Le président du Sénat avertit contre les pièges économiques et appelle au calme face aux appels au boycott de Coca-Cola
AKP Phnom Penh, le 18 août 2025 --
Le président du Sénat, Samdech Akka Moha Sena Padei Techo Hun Sèn, a exhorté les Cambodgiens à rester vigilants, à éviter de tomber dans le piège de l'ennemi et à toujours privilégier les intérêts de la nation.
Cet appel a été lancé hier soir dans un commentaire Facebook suite aux appels au boycott de Coca-Cola, après que l'entreprise aurait décidé de mettre fin à un contrat promotionnel avec le célèbre chanteur cambodgien Vannda.

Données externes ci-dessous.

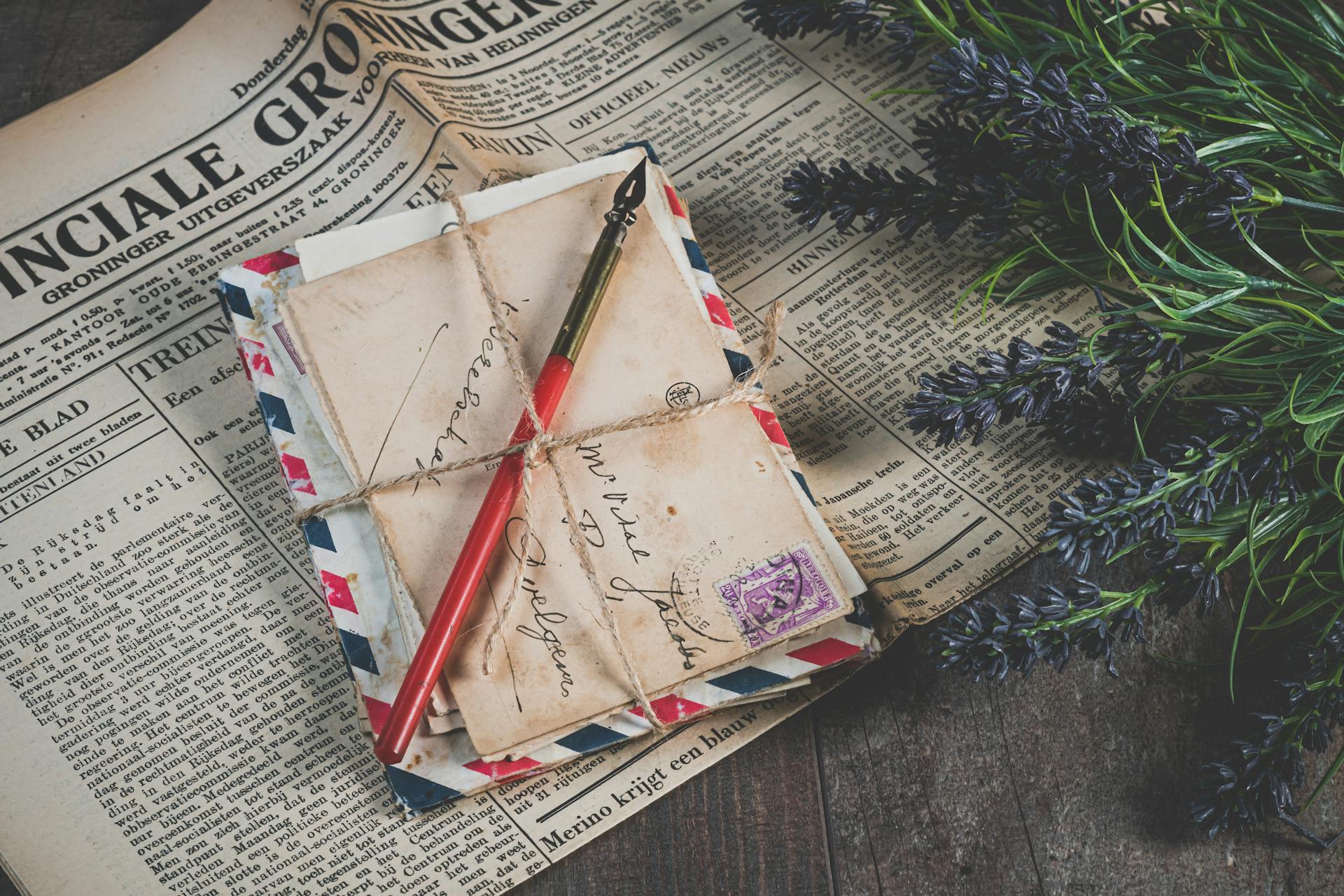 Old handwritten letters with vintage stamps and lavender on a newspaper background.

« Premièrement, nous devons déterminer si l'entreprise a réellement mis fin à son contrat avec Vannda en raison de son patriotisme », a écrit Samdech Techo Hun Sèn, ajoutant : « Deuxièmement, bien que Coca-Cola soit une marque américaine, c'est aussi un produit cambodgien car il est fabriqué au Cambodge, fournissant des emplois et des revenus aux travailleurs cambodgiens et générant des recettes fiscales qui soutiennent notre croissance économique nationale. »
Il a averti que si l'entreprise se retirait du Cambodge, ce seraient les Cambodgiens qui souffriraient le plus, tandis que l'ennemi en tirerait profit. Il a rappelé que l'ennemi avait précédemment cherché à saper l'économie cambodgienne en menaçant de couper l'électricité, l'internet et l'essence, mais que le Cambodge avait agi en avance pour se protéger de telles menaces.
« Je ne m'opposerais pas à ce que le Coca-Cola soit produit en Thaïlande ; on pourrait cesser d'en consommer. Mais s'il est produit au Cambodge, le boycotter signifierait une perte d'emplois et de revenus, directe et indirecte, pour notre peuple et notre Etat », a-t-il souligné.
Au-delà de l'aspect économique, Samdech Techo Hun Sèn a averti que l'ennemi tentait également de pousser le Cambodge dans un conflit avec les Etats-Unis, ce qui créerait de nouveaux défis en matière de diplomatie, de commerce, d'investissements et de relations économiques.
« S'il vous plaît, ne tombez pas dans le piège de l'ennemi. Même si des entreprises thaïlandaises investissent au Cambodge, nous devons nous efforcer de les garder pour le bien de notre peuple et de notre nation », a-t-il insisté.